ALIGNMENT AND DISPENSING APPARATUS FOR LINEAR PARTS

Abstract

This invention relates to an alignment apparatus for linear shaped parts to allow downstream operations in a manufacturing process that receives linear piece-parts, of three-dimensional objects such as longitudinal cylinder, a right rectangular prism, rectangular cuboid, rectangular parallelepiped, triangle prism, pentagonal prism, octagonal prism, hexagonal prism, tetrahedrons, pyramidal shape, which then aligns and dispenses the piece-part in a preferred orientation. The apparatus causes the piece-part to travel in a specific direction for further processing, such as drilling, heat-treating, or attaching other parts.

Description

CROSS-REFERENCE TO RELATED APPLICATIONS

This non provisional patent application claims the priority benefit under 35 U.S.C. 120 of U.S. provisional patent application Ser. No. 62/649,880, filed on Mar. 29, 2018, the entire disclosure of which are hereby incorporated by reference.

FIELD OF THE INVENTION

This invention relates to an alignment apparatus for linear shaped parts to allow downstream operations in a manufacturing process.

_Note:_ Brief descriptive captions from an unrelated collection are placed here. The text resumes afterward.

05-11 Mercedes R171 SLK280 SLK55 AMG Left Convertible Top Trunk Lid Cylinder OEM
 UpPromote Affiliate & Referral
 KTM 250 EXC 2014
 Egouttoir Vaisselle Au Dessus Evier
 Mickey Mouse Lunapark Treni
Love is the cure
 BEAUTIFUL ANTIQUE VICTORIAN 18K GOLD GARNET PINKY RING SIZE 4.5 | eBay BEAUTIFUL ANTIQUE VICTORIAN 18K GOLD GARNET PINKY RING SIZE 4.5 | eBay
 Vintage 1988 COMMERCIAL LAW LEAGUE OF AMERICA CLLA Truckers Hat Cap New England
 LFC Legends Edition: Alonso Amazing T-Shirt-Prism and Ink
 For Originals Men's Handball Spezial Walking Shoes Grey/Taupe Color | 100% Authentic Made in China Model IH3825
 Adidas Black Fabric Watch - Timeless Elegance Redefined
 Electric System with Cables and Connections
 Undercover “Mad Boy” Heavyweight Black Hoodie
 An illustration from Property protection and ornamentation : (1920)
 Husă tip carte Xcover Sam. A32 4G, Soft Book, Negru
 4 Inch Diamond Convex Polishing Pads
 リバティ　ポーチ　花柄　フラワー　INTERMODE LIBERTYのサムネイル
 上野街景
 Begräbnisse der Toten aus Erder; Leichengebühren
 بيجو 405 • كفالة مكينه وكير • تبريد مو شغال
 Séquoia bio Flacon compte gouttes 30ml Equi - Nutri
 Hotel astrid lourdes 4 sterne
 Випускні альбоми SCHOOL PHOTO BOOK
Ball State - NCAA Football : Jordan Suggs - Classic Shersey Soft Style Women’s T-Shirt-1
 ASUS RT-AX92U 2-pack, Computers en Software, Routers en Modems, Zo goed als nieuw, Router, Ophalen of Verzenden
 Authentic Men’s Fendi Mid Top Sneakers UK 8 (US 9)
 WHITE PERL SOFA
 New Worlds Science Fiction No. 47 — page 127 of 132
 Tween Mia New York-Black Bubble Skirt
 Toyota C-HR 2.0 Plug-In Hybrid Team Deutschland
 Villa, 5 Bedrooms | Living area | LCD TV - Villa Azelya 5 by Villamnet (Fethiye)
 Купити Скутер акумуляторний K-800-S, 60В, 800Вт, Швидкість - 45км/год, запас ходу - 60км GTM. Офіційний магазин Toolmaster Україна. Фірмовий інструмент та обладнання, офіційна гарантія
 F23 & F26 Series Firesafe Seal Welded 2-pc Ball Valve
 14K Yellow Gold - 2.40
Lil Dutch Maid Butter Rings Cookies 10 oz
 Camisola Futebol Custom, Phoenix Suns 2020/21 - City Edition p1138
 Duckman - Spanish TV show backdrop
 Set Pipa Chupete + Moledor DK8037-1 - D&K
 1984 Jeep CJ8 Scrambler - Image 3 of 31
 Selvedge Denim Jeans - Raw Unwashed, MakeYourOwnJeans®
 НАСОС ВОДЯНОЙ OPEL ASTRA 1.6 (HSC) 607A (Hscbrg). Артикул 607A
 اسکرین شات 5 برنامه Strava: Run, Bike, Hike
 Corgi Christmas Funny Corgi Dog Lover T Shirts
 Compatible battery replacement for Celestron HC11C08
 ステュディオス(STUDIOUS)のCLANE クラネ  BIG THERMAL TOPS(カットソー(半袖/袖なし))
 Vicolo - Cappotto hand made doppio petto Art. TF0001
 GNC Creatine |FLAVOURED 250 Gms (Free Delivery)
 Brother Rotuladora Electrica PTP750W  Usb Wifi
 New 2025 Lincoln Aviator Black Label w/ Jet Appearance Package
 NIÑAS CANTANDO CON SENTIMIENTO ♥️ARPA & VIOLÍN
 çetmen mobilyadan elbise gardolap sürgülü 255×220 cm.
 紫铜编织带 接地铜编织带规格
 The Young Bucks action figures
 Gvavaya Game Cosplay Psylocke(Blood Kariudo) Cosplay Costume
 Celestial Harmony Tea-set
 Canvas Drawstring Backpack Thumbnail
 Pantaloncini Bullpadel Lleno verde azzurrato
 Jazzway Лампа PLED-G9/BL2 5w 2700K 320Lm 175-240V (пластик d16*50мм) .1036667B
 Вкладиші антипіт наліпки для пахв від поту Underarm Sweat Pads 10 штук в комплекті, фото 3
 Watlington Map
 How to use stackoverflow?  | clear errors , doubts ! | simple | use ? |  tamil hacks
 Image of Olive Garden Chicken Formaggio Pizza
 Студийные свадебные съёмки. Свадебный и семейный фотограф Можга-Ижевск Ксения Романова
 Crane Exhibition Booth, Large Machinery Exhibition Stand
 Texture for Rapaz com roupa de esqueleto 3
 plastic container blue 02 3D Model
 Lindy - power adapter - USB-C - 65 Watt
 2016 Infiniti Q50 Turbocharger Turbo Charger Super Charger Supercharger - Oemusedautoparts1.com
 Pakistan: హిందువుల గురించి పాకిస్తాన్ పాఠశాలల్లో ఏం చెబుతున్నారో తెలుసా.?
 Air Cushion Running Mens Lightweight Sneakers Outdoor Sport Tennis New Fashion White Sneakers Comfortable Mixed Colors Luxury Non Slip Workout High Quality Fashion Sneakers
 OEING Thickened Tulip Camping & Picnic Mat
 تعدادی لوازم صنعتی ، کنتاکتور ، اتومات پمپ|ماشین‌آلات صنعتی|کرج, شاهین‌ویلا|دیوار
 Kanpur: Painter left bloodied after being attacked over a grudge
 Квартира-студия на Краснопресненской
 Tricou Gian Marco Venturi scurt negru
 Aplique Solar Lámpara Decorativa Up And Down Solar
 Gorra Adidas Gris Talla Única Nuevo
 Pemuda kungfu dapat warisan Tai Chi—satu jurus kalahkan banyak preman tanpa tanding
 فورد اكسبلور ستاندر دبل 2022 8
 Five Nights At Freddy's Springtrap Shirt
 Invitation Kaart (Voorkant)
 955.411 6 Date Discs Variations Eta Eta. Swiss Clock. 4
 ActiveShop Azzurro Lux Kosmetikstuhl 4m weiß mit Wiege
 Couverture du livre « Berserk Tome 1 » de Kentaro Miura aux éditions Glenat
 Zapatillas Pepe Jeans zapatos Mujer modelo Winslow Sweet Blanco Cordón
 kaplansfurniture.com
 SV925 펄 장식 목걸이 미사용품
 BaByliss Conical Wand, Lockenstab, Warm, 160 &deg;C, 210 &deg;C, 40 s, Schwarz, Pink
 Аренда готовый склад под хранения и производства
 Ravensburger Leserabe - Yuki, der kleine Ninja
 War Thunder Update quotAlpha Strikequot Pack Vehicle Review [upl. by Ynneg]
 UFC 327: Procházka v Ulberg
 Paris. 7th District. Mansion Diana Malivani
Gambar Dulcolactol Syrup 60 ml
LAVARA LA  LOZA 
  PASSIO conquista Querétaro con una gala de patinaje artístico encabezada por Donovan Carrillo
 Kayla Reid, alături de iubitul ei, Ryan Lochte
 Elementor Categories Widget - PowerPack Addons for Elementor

BACKGROUND OF THE INVENTION

An alignment apparatus is a mechanism that receives linear piece-parts, as by way of example, an up stage stamping, molding, draw press, or extrusion, of a three-dimensional object, such as a rectangular bar or a cylinder, which then quickly aligns and dispenses the object in a preferred alignment to travel in a specific direction for further processing, such as drilling, heat treating, or attaching other parts. Without an auto mechanism for aligning the parts, some processes could not be automated and a manufacturer would have to resort to a manual alignment, which would require the use of one or both hands.

SUMMARY OF THE INVENTION

This invention generally relates to an alignment and dispensing apparatus for piece-parts having a longitudinal dimension greater than a lateral dimension, as for example, a longitudinal cylinder, or other three-dimensional objects, for example, but not limited to, a triangle prism, pentagonal prism, octagonal prism and hexagonal prisms, tetrahedrons, pyramidal shape, a right rectangular prism, rectangular cuboid, or rectangular parallelepiped. The apparatus for determining the orientation of piece-parts that are being transported in a either in a longitudinal or vertical direction, having a length-wise size portion and other portions of different sizes measured in a direction transverse to said length-wise direction, includes a conveyance such as a transporting conveyor, if moving in a horizontal direction, or uses gravity feed, to move parts vertically along a predetermined path, toward an orientation sensor, which allows detection of shape or dimension, and thereafter may engage a flexible wheel or an extended arm that contacts the part to physically orient it in a preferred alignment. Thereafter, an air valve plunger or an electrical solenoid supplies a mechanical assist to eject the part from the mechanism.

In one embodiment of the invention the alignment and dispensing mechanism processes a bullet casing, by way of example and not limitation, using an in-feed conveyor to move horizontally the piece-part into the field of view of a camera, whereby the camera is programmed to detect the piece-part shape as the piece-part moves in line with respect to other piece parts, to contact a wheel that deposits the piece-part onto a rotator, which turns the piece-part substantially ninety degrees, to coincide with other parallel facing piece-parts aligned on an outfeed belt.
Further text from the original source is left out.